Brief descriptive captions
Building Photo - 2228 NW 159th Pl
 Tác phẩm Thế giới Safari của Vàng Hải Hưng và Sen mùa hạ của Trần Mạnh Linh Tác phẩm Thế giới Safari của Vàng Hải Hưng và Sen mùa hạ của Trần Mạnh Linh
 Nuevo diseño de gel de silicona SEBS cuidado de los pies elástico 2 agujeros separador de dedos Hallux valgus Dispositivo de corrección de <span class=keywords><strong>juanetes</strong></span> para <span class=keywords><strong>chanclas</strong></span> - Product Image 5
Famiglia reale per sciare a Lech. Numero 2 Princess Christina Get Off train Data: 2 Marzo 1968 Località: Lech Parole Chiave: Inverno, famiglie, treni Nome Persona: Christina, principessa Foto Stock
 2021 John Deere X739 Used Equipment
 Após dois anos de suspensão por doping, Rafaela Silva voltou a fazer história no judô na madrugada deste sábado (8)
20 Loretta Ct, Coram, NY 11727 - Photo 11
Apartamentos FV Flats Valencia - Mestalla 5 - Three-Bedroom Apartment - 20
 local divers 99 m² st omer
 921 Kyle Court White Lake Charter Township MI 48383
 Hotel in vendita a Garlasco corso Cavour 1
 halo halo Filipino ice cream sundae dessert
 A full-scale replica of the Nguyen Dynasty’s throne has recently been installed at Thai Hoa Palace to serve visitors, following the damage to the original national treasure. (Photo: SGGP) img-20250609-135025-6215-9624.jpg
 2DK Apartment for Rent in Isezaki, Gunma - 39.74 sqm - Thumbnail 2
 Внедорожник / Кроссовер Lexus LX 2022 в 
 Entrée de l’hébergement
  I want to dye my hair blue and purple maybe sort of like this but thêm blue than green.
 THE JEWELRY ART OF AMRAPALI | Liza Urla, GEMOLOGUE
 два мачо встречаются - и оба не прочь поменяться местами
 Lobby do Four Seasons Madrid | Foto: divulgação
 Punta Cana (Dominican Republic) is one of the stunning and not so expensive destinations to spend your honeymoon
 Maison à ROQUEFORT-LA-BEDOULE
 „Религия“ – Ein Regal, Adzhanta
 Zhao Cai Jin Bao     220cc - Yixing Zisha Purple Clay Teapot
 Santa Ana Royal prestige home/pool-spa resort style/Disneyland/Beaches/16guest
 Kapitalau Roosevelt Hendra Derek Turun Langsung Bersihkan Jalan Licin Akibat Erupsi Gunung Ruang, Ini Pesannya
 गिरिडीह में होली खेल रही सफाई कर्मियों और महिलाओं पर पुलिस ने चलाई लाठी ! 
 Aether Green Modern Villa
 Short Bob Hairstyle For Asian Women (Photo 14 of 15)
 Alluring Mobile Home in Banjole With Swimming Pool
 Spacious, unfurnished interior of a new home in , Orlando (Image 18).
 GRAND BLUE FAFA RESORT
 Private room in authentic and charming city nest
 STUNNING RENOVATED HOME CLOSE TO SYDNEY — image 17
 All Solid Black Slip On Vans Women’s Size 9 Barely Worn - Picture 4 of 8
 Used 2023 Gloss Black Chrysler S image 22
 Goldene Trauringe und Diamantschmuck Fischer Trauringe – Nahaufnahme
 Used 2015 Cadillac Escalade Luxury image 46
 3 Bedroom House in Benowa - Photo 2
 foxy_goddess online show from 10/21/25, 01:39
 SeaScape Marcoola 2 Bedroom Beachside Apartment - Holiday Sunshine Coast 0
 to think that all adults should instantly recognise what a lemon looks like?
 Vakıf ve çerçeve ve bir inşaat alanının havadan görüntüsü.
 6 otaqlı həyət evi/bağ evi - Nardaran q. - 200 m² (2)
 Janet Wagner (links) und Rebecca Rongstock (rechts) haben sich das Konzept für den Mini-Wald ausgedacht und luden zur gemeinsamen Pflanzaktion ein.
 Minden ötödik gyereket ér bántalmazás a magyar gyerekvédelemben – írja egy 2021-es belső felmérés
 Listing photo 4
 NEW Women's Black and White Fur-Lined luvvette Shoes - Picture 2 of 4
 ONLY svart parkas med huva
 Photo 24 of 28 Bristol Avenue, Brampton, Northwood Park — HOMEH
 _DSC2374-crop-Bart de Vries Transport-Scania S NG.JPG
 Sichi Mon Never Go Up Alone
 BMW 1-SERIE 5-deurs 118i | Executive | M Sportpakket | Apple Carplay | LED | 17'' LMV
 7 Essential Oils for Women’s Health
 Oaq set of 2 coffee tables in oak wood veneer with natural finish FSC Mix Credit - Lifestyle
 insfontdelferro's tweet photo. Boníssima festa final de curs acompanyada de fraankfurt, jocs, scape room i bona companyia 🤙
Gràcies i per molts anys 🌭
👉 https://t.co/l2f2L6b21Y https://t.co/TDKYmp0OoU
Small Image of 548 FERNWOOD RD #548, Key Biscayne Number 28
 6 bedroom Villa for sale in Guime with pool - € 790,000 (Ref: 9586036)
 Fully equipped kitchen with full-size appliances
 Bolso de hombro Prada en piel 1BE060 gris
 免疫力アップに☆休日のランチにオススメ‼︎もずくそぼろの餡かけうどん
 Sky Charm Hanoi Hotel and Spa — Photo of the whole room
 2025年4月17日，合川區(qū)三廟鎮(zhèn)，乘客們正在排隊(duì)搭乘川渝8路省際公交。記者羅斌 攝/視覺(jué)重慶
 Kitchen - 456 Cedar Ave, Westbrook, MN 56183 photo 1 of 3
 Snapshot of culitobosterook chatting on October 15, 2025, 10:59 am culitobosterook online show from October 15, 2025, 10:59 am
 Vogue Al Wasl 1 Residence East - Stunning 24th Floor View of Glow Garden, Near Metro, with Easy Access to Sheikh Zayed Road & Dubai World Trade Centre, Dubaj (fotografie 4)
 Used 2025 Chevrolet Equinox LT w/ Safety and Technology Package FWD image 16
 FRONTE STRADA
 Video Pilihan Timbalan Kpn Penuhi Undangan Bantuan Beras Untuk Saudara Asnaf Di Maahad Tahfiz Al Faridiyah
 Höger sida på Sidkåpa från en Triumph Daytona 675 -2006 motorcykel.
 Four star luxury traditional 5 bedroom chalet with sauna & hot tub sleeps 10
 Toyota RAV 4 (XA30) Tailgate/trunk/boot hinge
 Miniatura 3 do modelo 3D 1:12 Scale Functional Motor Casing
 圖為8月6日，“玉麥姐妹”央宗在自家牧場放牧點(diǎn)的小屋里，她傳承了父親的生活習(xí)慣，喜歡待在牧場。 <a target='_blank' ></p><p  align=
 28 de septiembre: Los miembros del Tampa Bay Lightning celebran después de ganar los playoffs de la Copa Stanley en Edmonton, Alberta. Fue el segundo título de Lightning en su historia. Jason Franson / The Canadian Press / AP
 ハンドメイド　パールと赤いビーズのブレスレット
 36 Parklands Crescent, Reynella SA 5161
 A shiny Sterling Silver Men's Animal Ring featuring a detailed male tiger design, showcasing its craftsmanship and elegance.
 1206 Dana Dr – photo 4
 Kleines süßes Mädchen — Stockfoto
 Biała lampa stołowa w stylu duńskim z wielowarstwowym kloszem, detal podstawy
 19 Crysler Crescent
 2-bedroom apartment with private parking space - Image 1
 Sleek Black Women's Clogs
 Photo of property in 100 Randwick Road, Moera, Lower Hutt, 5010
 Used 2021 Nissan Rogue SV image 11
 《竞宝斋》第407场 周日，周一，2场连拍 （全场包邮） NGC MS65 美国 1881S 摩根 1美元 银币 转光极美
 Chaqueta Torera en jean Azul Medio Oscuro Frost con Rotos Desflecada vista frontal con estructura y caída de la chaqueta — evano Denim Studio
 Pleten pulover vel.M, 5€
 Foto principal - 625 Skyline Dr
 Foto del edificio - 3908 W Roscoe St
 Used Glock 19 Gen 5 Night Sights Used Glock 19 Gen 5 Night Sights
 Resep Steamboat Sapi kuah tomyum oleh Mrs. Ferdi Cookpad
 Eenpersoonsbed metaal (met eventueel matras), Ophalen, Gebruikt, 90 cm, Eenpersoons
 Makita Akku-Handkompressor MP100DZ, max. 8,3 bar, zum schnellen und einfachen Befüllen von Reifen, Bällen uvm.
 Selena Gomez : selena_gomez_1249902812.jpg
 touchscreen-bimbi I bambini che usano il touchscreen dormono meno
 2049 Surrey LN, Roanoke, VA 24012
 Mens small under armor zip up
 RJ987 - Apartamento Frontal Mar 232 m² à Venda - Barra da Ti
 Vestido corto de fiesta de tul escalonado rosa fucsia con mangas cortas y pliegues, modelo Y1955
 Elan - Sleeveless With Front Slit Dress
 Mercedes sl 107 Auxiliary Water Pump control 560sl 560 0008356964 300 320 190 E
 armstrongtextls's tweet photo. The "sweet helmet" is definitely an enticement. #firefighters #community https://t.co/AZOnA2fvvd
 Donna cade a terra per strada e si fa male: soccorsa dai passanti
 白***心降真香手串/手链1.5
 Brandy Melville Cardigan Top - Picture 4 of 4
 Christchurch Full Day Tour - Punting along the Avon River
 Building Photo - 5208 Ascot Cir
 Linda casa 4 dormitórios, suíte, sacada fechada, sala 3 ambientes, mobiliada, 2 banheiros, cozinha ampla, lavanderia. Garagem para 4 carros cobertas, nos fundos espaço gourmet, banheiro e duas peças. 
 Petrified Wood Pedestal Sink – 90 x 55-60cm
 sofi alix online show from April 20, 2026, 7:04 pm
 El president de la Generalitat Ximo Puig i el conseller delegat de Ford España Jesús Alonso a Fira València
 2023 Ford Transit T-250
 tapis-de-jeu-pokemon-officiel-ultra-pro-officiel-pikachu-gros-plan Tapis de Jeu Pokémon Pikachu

Description of the task: Which of the lines in the data contain the string "from"? Return each one.

Response box:
 foxy_goddess online show from 10/21/25, 01:39
 Snapshot of culitobosterook chatting on October 15, 2025, 10:59 am culitobosterook online show from October 15, 2025, 10:59 am
 sofi alix online show from April 20, 2026, 7:04 pm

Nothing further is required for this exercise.